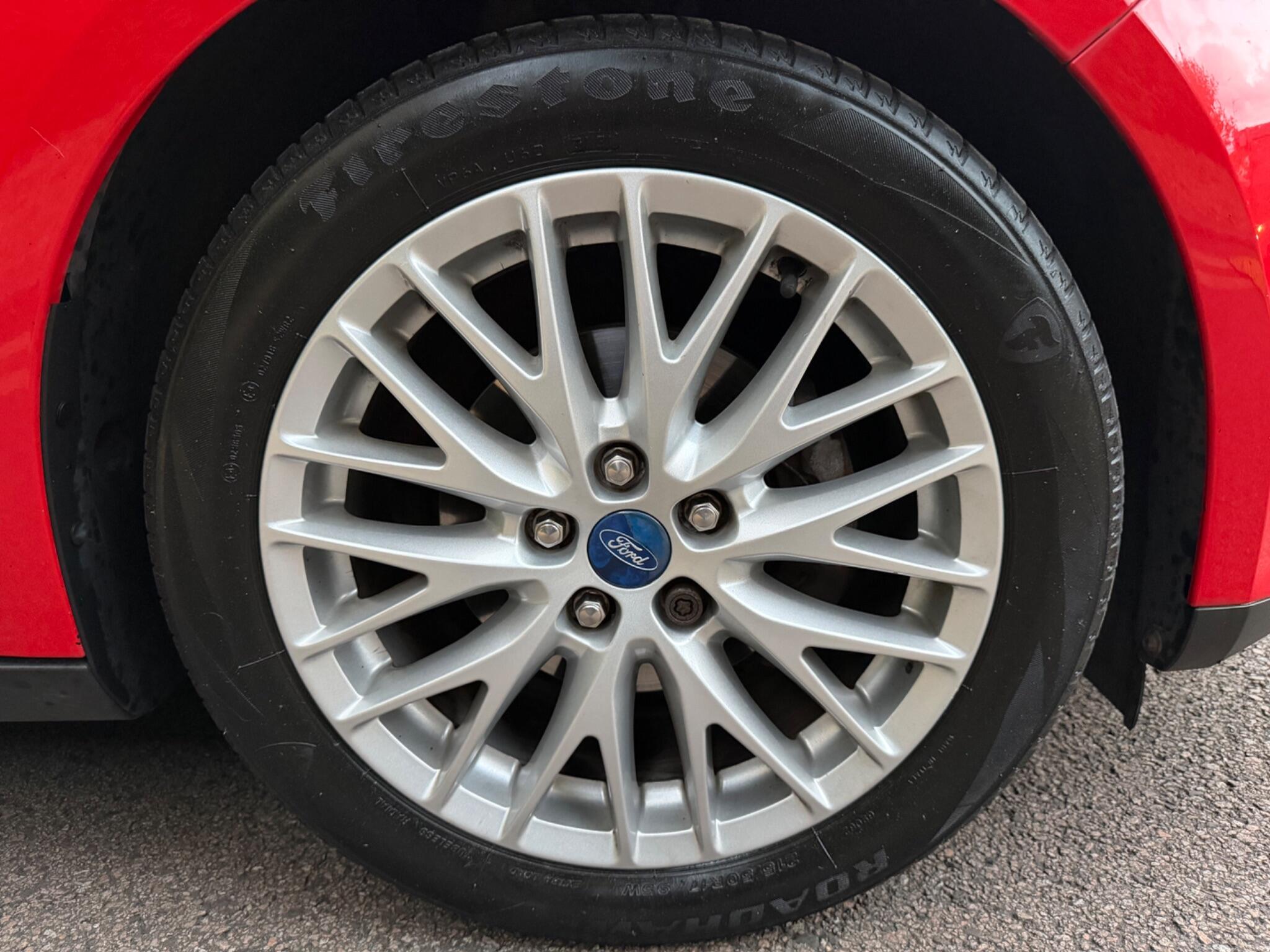 Ford Focus view 27
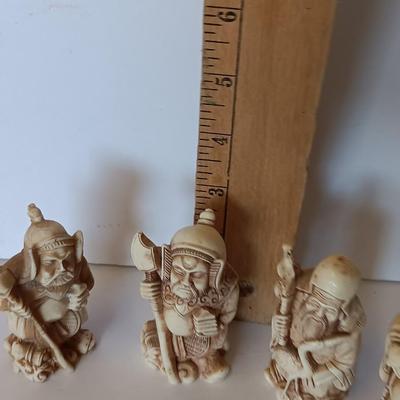 Set of four vintage carved resin Chinese wise men - Mudmen Nice collectibles!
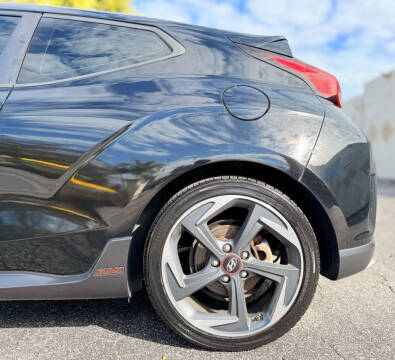 2019 Hyundai Veloster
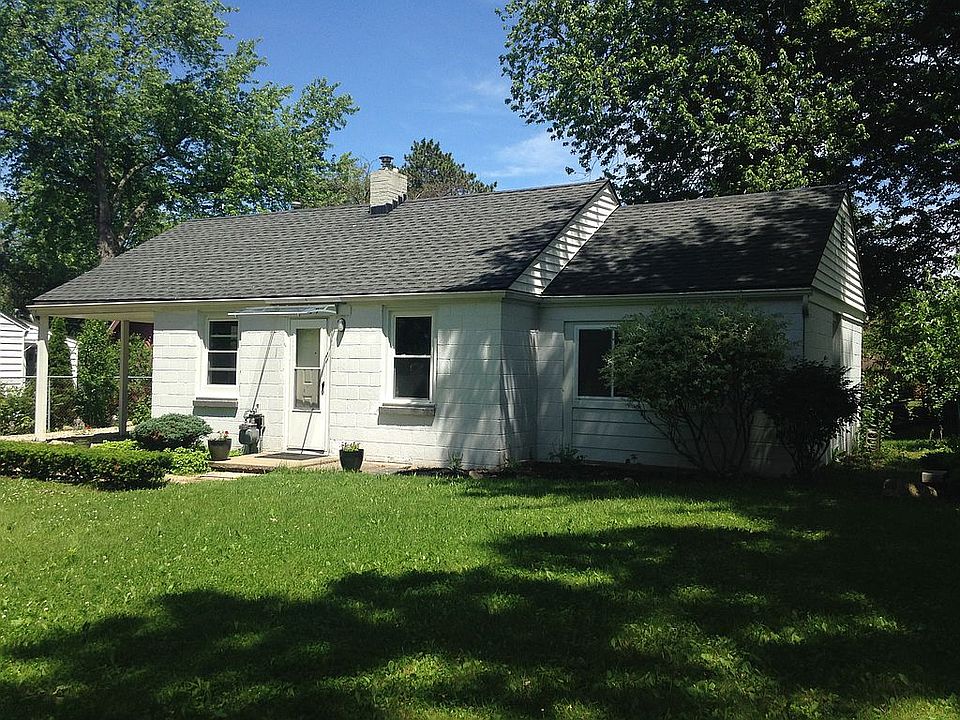 1st image of 2869 Fernwood Ave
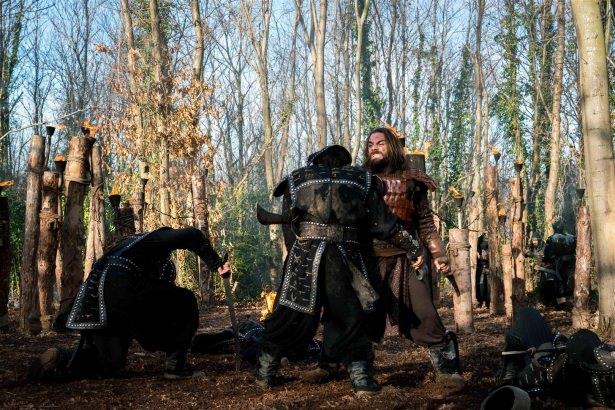 Bu durumda ilevsel ama bugn kullanmay zahmetli ve gereksiz bulurdum. O dnem iin hayati nemi var bunlarn. Aslnda bu kyafetler a d. Ama itiraf etmeliyim ki alvar inanlmaz rahat. Gnmz pantolonlaryla adm atmamz bile zor.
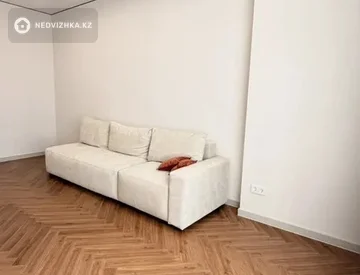 2-комнатная квартира, этаж 8 из 12, 70 м², На длительный срок, миниатюра 3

▶ Problem to work on: Reproduce the entire listing exactly, but omit any pictures.

▶ Answer space:
 Ford Focus view 27
 Set of four vintage carved resin Chinese wise men - Mudmen Nice collectibles!
 2019 Hyundai Veloster
 1st image of 2869 Fernwood Ave
 Bu durumda ilevsel ama bugn kullanmay zahmetli ve gereksiz bulurdum. O dnem iin hayati nemi var bunlarn. Aslnda bu kyafetler a d. Ama itiraf etmeliyim ki alvar inanlmaz rahat. Gnmz pantolonlaryla adm atmamz bile zor.
 2-комнатная квартира, этаж 8 из 12, 70 м², На длительный срок, миниатюра 3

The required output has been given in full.